Reproduce all of the entries character for character, while leaving out any pictures they contain.

[Data excerpts]
-------

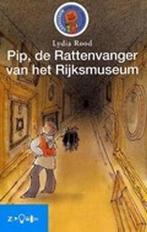 Pip de rattenvanger van het Rijksmuseum 9789048707294, Verzenden, Gelezen, Lydia Rood
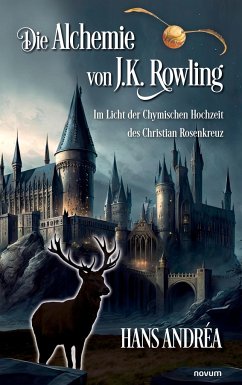 Die Alchemie von J.K. Rowling - Andréa, Hans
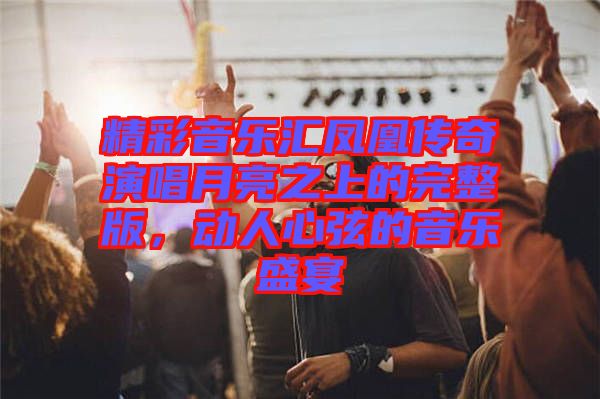 精彩音樂(lè)匯鳳凰傳奇演唱月亮之上的完整版，動(dòng)人心弦的音樂(lè)盛宴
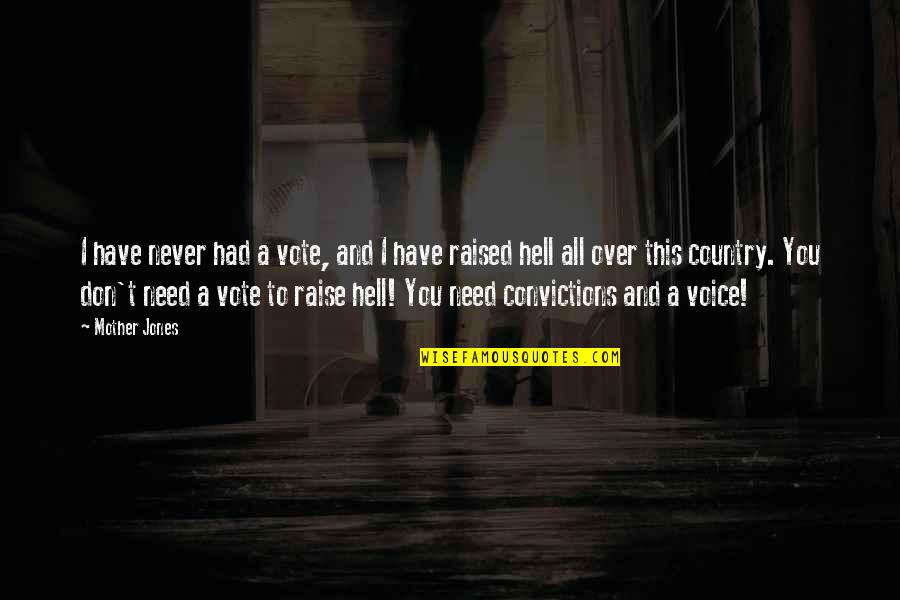 Don't Raise Your Voice Quotes By Mother Jones: I have never had a vote, and I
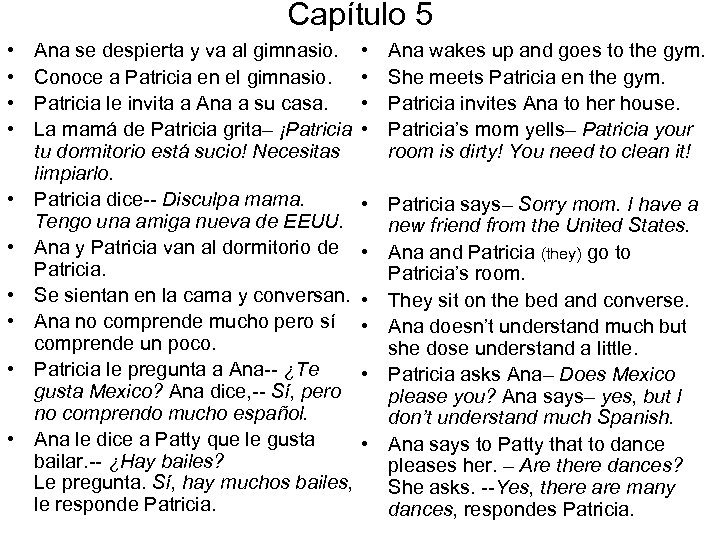 Capítulo 5 • • • Ana se despierta y va al gimnasio. Conoce a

-------

### [EXERCISE RESPONSE]
 Pip de rattenvanger van het Rijksmuseum 9789048707294, Verzenden, Gelezen, Lydia Rood
 Die Alchemie von J.K. Rowling - Andréa, Hans
 精彩音樂(lè)匯鳳凰傳奇演唱月亮之上的完整版，動(dòng)人心弦的音樂(lè)盛宴
 Don't Raise Your Voice Quotes By Mother Jones: I have never had a vote, and I
 Capítulo 5 • • • Ana se despierta y va al gimnasio. Conoce a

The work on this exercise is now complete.